Today Dark Horse revives classic Star Wars characters in new series

Star Wars Dark Horse 1 cover

Review by C.J. Bunce

It’s exactly the place long-time Star Wars fans always wanted to see more Star Wars adventures take place.  Not before the original trilogy.  Not during the Clone Wars.  We’re talking about the time our favorite characters were at their best–between Star Wars and The Empire Strikes Back.

Marvel Comics originally had the license for comic book spin-off stories during the 1970s and 1980s.  In that time they visited their own strange, new worlds, but the best stories featured Han Solo, Luke Skywalker, Princess Leia, Chewbacca and the droids.  After 114 issues (107 regular monthly, three annuals, and a four-issue Return of the Jedi adaptation) interest in the Marvel Comics Star Wars waned.  Flash forward to December 1991.  Dark Horse Comics’ writer Tom Veitch and artist Cam Kennedy, coupled with the best Star Wars comic book poster-quality cover art to date by the stellar artist Dave Dorman, created a new comic book series, Dark Empire.  Dark Empire followed the events of Timothy Zahn’s post-Return of the Jedi trilogy and brought comic book readers some of the best Star Wars universe storytelling produced in comic book form.

D'Anda's Darth Vader

Over the last few decades Dark Horse Comics has continued holding the license for Star Wars comics, and has produced some great reads, including the great Agent of the Empire series, reviewed here last year.  The new Star Wars promises to be the next stage of classic Star Wars storytelling.  Will any of this factor into Disney’s newly purchased Star Wars efforts?  Will there be any commonality between Star Wars of the comic books and the Star Wars of novels, TV and movies, or will the comic books remain separate from the canon of the films much like the Star Trek universe?  For now it looks like we’re looking at different paths, but maybe there will be some crossover elements.

The first story arc of the new Star Wars monthly beginning with the release of Issue #1 today, “In the Shadow of Yavin” picks up with Luke and Leia and a small band of rebels re-grouping on the edge of the galaxy two months after Luke destroyed the first Death Star.  Luke and Leia, flying X-Wings, are ambushed, forcing Leia to ditch her ship into the nearest planet.  They make it back to rendezvous with other rebels where Mon Mothma sets Leia on a covert mission.  Meanwhile elsewhere we find Han and Chewbacca struggling with taking orders from the new rebels they have joined up with.  Far away, Emperor Palpatine scolds Darth Vader for his failure to protect the Death Star.  Vader is demoted, removed from his own ship and forced to report to a new Imperial leader, the young Colonel Bircher.
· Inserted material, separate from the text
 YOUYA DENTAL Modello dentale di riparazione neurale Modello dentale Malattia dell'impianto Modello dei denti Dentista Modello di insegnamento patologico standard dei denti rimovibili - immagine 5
Emperor and Vader Dark Horse Star Wars

Issue #1 gets readers back into the world of these characters.  It’s not so much new territory, but one possible segue between Star Wars and The Empire Strikes Back of all those stories we have read in novels and comics over the years.  This new Star Wars will need to pick up its pace in Issue #2 to reel in readers to stick with this series.  Readers want more than familiarity, but it is understandable that this first issue would need to spend time revisiting the set-up and background.  All said, Brian Wood’s story is a fine start (Wood has written for Dark Horse’s The Massive and Northlanders series).  Carlos D’Anda’s art has an action-oriented style–with a bit of Howard Chaykin’s 1970s Star Wars character art–but his best work is on his ship detail (D’Anda’s work has been featured in Justice League and Batman: Arkham City).  You will remember what it was like when TIE Fighters were the coolest ships ever created.  And Alex Ross’s painted cover–every bit a superstar Ross cover–is an effective way to get readers to pick up the book.
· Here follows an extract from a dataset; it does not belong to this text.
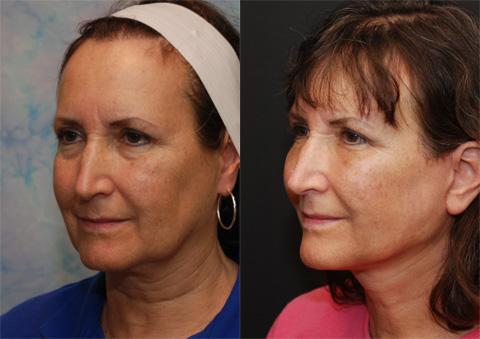LuxeLift Before and After Photos in Cincinnati, OH, Patient 5878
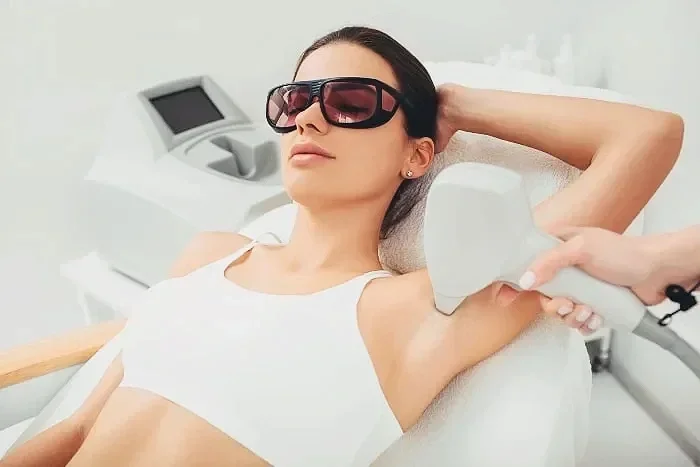 Triệt lông nách bằng Diode Laser làm lạnh tại Hugo Beauty Phú Nhuận, TP.HCM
Negatives?  I wish a Star Wars writer would create a series without needing to grasp onto the cliché lines from the Star Wars main cast in the movies, “I have a bad feeling about this” is just too over-used in Star Wars stories as are concepts like “this is our only chance.”  Also, why is Leia the one with the downed ship, and Luke having to tell her everything necessary to fly an X-Wing?  Wouldn’t she have been around these types of ships more than Luke?  And what’s with the first rebel to greet her at the rendezvous sporting a chauvinist attitude?  Why is that relevant or necessary to the story?  The biggest problem with the Star Wars universe is its strange handling of female characters and its treatment of key females as something less than strong leaders.  Leia was tough, but look how weak her mother Padmé ended up.  If Dark Horse’s Star Wars is going to be successful–and if Disney’s new Star Wars empire is going to be successful in 2013 and beyond–new storytellers need to learn from George Lucas’s biggest mistakes.  First and foremost, embrace strong female characters.  Put men and women on equal footing in the Star Wars universe–there is no good reason not to.

Star Wars Issue #1 is available today at comic book shops everywhere.